Cook, stirring occasionally, for 30–35 minutes, or until the onions are deeply caramelized and golden brown.
Reduce heat if onions start to scorch. Add a bit more oil or butter as needed.
Stir more frequently near the end to avoid burning.
Build the Flavor Base
Once onions are caramelized, add garlic, red pepper flakes, Worcestershire sauce, and soy sauce. Cook for 30 seconds, until fragrant.
Add Liquids & Seasoning
Add 5 1/2 cups water and half of the evaporated milk to the pot.
In a separate bowl, whisk the cornstarch into the remaining evaporated milk, then stir into the pot.
Increase heat to high. Stir in beef bouillon, parsley, thyme, oregano, paprika, and pepper. Bring to a boil.
Cook the Pasta
Once boiling, add the uncooked pasta. Stir to evenly submerge in liquid.

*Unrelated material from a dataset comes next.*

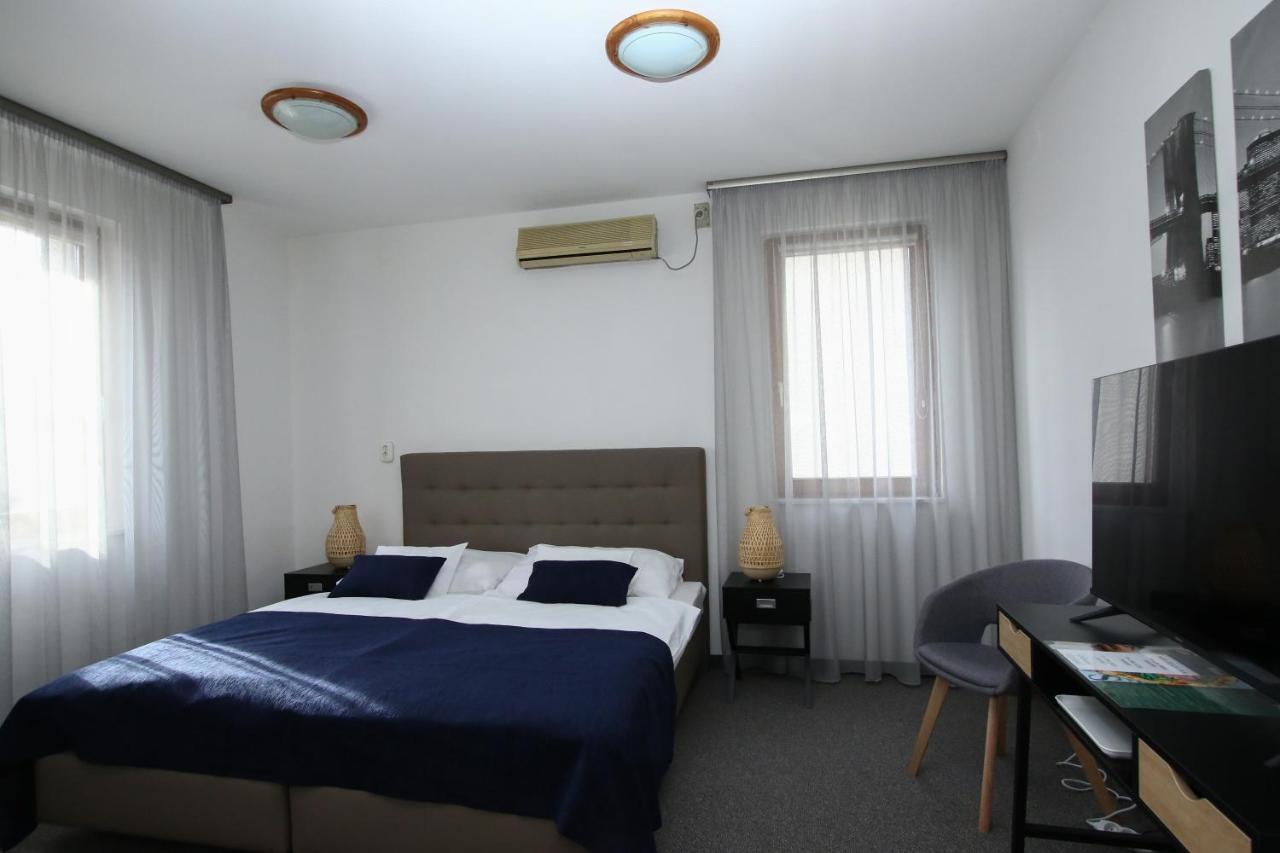 Jonathan Bed&Pizza Komárom Εξωτερικό φωτογραφία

Reduce heat to a gentle boil/simmer over medium-high and cook uncovered for 20–25 minutes, or until pasta is al dente.
Stir frequently to prevent sticking and burning.
The pasta should still have some excess liquid left at the end—this becomes the sauce.
If the liquid evaporates too fast, add more water ½ cup at a time as needed.
Add Cheese & Finish
Turn off the heat. Gradually add Gruyere cheese, a handful at a time, stirring until melted.
Add Parmesan cheese and stir until fully incorporated.
Taste and season with additional salt or pepper if needed.
For extra creaminess, stir in a splash of milk or water if desired.
Garnish with fresh parsley and serve immediately.
Notes
For best results, use a mandoline slicer for even onion slices.
Don’t be alarmed by the amount of onions—they cook down significantly.
If using beef broth instead of water, skip the bouillon.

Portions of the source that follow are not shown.